Beginning with the first line, please repeat the entries exactly and end on the line that contains "Mana Pun Siap".

__________________________________________________

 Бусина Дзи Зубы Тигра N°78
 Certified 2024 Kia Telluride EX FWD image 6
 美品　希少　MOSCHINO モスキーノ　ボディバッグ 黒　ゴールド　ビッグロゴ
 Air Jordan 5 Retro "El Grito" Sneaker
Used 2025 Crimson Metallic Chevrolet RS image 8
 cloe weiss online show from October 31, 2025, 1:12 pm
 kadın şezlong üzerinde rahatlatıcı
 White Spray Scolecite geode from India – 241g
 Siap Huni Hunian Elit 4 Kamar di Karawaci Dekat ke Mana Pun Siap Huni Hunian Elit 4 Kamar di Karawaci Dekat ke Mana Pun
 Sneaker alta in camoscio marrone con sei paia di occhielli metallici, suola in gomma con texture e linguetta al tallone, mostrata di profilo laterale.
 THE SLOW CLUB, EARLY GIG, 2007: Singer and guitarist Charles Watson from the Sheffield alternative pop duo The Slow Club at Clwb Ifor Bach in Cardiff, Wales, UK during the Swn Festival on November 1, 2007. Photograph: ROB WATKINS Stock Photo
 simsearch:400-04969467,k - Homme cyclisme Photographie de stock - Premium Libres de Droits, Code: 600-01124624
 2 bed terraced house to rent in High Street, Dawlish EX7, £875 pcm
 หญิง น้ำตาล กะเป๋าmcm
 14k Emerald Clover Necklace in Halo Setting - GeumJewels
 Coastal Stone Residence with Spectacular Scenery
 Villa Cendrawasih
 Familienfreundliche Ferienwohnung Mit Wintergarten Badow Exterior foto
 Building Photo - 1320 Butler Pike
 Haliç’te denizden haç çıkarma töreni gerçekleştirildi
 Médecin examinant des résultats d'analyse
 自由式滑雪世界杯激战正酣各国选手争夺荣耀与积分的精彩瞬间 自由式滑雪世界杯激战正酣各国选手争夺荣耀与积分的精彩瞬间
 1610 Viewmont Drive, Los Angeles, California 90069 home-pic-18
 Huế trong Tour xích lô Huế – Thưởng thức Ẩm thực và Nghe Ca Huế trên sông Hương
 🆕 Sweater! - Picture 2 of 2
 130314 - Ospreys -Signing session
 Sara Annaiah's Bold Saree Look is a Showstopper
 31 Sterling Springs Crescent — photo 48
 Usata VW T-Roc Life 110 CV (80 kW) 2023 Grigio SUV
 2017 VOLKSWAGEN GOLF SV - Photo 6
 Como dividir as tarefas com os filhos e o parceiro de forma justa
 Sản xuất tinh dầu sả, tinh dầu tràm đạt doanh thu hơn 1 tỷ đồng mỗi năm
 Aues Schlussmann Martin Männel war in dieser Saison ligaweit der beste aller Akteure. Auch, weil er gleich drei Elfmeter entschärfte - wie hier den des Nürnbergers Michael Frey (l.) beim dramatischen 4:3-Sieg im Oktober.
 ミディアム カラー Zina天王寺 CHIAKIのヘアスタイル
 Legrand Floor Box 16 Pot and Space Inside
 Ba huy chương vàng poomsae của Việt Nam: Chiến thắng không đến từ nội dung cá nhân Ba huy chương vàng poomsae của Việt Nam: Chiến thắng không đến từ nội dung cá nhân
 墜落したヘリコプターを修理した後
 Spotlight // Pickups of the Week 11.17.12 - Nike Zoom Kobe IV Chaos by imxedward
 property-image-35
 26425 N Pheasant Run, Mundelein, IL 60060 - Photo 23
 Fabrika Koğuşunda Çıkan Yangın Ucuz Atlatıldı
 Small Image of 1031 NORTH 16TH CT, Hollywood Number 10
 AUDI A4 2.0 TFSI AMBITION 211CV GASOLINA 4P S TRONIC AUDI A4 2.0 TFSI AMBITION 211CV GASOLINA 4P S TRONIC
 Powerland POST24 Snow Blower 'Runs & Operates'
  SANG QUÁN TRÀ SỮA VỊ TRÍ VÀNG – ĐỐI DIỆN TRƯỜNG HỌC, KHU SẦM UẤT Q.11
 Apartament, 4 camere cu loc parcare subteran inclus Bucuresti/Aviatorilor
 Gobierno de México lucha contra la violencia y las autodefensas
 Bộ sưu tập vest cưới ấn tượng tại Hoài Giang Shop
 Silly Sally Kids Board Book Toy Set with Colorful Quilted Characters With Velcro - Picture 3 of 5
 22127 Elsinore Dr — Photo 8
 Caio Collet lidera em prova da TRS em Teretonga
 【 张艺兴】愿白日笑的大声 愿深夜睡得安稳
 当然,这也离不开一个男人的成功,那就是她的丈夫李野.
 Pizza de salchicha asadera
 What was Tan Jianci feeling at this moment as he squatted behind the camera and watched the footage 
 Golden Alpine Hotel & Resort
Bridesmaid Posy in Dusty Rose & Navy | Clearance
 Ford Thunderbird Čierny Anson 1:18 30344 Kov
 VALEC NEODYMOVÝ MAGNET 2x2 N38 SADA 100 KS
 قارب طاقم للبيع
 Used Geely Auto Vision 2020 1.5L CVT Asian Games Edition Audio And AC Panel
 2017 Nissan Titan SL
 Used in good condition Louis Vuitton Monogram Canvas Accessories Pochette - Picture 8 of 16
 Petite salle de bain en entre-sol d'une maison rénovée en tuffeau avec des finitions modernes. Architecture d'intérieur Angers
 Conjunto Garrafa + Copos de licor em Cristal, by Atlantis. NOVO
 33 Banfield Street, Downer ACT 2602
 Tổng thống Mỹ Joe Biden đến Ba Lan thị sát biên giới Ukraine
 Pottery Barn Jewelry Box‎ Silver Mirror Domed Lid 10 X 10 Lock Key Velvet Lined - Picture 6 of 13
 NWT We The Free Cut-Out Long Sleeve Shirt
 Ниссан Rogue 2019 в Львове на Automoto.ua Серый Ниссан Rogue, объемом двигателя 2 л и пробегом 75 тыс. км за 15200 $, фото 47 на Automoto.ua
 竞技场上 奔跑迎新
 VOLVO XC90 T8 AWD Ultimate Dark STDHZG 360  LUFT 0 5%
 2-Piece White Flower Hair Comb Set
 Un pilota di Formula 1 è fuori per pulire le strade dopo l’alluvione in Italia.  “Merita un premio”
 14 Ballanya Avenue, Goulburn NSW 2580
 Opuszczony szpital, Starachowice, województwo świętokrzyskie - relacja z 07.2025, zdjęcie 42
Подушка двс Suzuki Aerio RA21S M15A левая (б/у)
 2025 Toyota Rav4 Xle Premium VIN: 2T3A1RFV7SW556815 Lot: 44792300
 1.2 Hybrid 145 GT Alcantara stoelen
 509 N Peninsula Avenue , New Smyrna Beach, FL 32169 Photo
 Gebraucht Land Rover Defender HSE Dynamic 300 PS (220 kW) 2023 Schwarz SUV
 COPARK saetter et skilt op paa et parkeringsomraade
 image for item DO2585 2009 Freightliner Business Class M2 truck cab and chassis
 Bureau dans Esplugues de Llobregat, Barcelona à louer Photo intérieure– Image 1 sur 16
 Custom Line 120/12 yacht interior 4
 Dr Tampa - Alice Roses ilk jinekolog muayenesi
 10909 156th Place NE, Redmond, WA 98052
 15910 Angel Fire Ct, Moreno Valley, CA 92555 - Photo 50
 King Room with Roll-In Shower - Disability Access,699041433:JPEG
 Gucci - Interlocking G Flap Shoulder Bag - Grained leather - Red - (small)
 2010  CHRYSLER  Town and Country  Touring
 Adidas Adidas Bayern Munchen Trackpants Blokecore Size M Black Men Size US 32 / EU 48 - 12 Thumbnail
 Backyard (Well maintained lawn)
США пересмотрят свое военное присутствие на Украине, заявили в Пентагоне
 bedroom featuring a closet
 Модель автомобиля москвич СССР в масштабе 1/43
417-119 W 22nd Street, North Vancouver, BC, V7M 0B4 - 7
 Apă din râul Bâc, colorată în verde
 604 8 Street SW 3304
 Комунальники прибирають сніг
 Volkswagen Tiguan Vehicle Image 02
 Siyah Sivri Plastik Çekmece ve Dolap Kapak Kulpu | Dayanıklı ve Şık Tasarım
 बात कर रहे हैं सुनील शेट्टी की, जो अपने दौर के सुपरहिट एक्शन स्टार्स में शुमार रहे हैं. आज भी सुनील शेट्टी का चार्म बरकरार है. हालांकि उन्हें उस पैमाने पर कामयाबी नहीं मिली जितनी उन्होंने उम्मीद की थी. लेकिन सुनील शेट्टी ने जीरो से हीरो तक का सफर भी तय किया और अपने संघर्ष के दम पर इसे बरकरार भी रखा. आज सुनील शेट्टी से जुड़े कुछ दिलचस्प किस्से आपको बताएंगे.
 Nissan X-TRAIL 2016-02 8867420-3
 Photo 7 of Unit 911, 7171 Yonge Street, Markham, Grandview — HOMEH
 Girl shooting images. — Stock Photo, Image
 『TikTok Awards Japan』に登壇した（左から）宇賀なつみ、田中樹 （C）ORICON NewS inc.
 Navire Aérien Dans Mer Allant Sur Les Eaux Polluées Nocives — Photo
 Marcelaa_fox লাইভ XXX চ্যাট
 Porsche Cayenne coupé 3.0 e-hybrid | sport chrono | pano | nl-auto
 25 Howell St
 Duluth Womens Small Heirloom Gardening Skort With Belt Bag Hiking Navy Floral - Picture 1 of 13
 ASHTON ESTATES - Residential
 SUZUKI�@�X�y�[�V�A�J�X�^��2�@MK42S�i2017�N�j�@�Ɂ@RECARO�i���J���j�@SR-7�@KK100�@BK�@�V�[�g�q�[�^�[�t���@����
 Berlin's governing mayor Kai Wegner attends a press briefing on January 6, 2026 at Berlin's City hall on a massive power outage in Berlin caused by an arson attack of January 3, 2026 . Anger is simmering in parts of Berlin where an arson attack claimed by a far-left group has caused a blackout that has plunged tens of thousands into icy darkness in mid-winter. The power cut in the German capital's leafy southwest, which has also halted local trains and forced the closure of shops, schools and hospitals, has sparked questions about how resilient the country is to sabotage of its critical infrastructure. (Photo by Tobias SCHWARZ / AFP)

__________________________________________________

[RESPONSE TO THIS EXERCISE]
 Бусина Дзи Зубы Тигра N°78
 Certified 2024 Kia Telluride EX FWD image 6
 美品　希少　MOSCHINO モスキーノ　ボディバッグ 黒　ゴールド　ビッグロゴ
 Air Jordan 5 Retro "El Grito" Sneaker
Used 2025 Crimson Metallic Chevrolet RS image 8
 cloe weiss online show from October 31, 2025, 1:12 pm
 kadın şezlong üzerinde rahatlatıcı
 White Spray Scolecite geode from India – 241g
 Siap Huni Hunian Elit 4 Kamar di Karawaci Dekat ke Mana Pun Siap Huni Hunian Elit 4 Kamar di Karawaci Dekat ke Mana Pun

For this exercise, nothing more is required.